Philipp von W., der zweite Sohn Dietrich’s, geboren zu Wiehe am 24. September 1525, studirte zu Leipzig und Wittenberg, wandte sich nach Herzog Georg’s von Sachsen Tod 1540 mit seinen Brüdern auf Anregung der Vettern von der Wiehe’schen Linie des Werthern’schen Geschlechts dem Protestantismus zu, ging mit seinem Bruder Anton unter der Leitung des Georg Fabricius, als dieser mit Wolfgang v. W. aus Italien heimgekehrt war, 1544 nach Straßburg, wo beide Johann Sturm’s Schüler wurden und bis 1554 blieben, während Fabricius 1546 als Rector nach Meißen berufen wurde. Eine Reise durch Frankreich und Italien bis 1556 schloß sich an, auf der Philipp und Anton, wie früher ihr Bruder Wolfgang, besonders ihren wissenschaftlichen Neigungen huldigten und sich des Umgangs mit Gelehrten erfreuten, mit deren vielen sie in schriftlichem Verkehr blieben. Philipp stand dann als Rath im Dienste Kurfürst August’s von Sachsen, wurde auch Assessor des Oberhofgerichts zu Leipzig und fand mehrfach im diplomatischen Dienst, so bei Sendungen an den Kaiserhof, Verwendung. Bei der Erbtheilung 1572 erhielt er die Herrschaft Werthern und Thalheim, erbte aber beim Tode seiner Brüder 1579 und 1583 auch deren Herrschaften Brücken und Beichlingen. Vermählt seit 1566 mit Anna von Hagen, starb er kinderlos auf Beichlingen am 23. December 1588. Mit ihm erlosch die von Dietrich gestiftete ältere Beichlingensche Linie, deren Besitz an die Wiehe’sche Linie, die Nachkommen von Dietrich’s Bruder Hans dem Jüngeren v. W. (Rath Herzog Georg’s von Sachsen, geboren am 15. December 1470. † zu Wiehe am 6. August 1534), fielen.

Anton von W., der jüngste Sohn Dietrich’s, geboren zu Wiehe am 26. Mai 1528, theilte den Bildungsgang seines Bruders Philipp, lebte ganz seinen Studien, erhielt bei der Theilung 1572 die Herrschaft Brücken und starb unvermählt am 6. Juni 1579 zu Brücken.
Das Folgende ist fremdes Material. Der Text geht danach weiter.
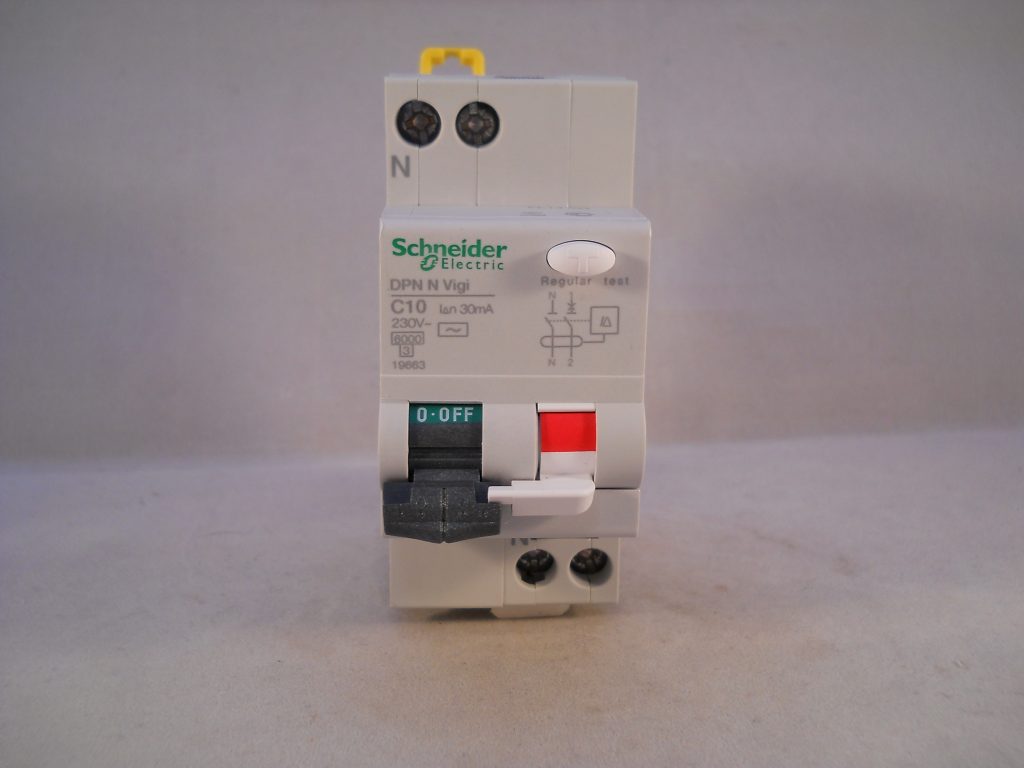 Schneider RCBO Type C DPN N VIGI Multi 9 10A Merlin Gerin 10 Amp C10 ...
Petrus Albinus, Historia von dem Uralten Geschlechte derer … Graffen und Herren von Werthern (Leipzig 1705 und 1716). – S. Reinhardt, Stammbaum des … Geschlechts derer … Herren von Werthern, nebst P. Jovius, Gesammte Anmerkungen über besagten Stammbaum (1717). – J. G. Löw, S. R. Imperii et Caesareae Majest. Janitorum sollemne ministerium comitum et baronum de Werthern (ed. II Frankfurt 1745). – Hugo Frhr. v. Werthern, Geschichte des Geschlechts der Grafen und Freiherrn v. Werthern, 3. Theil, Stammtafeln (Erfurt 1893). – H. Weißenborn, Acten der Erfurter Universität I (Halle 1881). – Friedländer und Malagola, Acta nationis Germanicae univers. Bononiensis (Berlin 1887). – E. Joachim, Die Politik des letzten Hochmeisters in Preußen Albrecht von Brandenburg (Leipzig 1892, 1894, 1895). – O. Lehmann, Herzog Georg von Sachsen im Briefwechsel mit Erasmus von Rotterdam und dem Erzbischof Sadolet (Neustadt i. S. 1889). – F. A. v. Langenn, Christoph von Carlowitz (Leipzig 1854). – Kämmel, Artikel über G. Fabricius in der Allg. D. Biogr., Bd. VI. – F. A. v. Langenn, Doctor Melchior v. Ossa (Leipzig 1858). – Besonders aber Acten des Kgl. [122] Sächs. Hauptstaatsarchivs zu Dresden und L. Schwabe’s und E. Joachim’s Collectaneen aus Dresdner und Königsberger Archivalien im Gräflich Werthern’schen Archiv zu Beichlingen.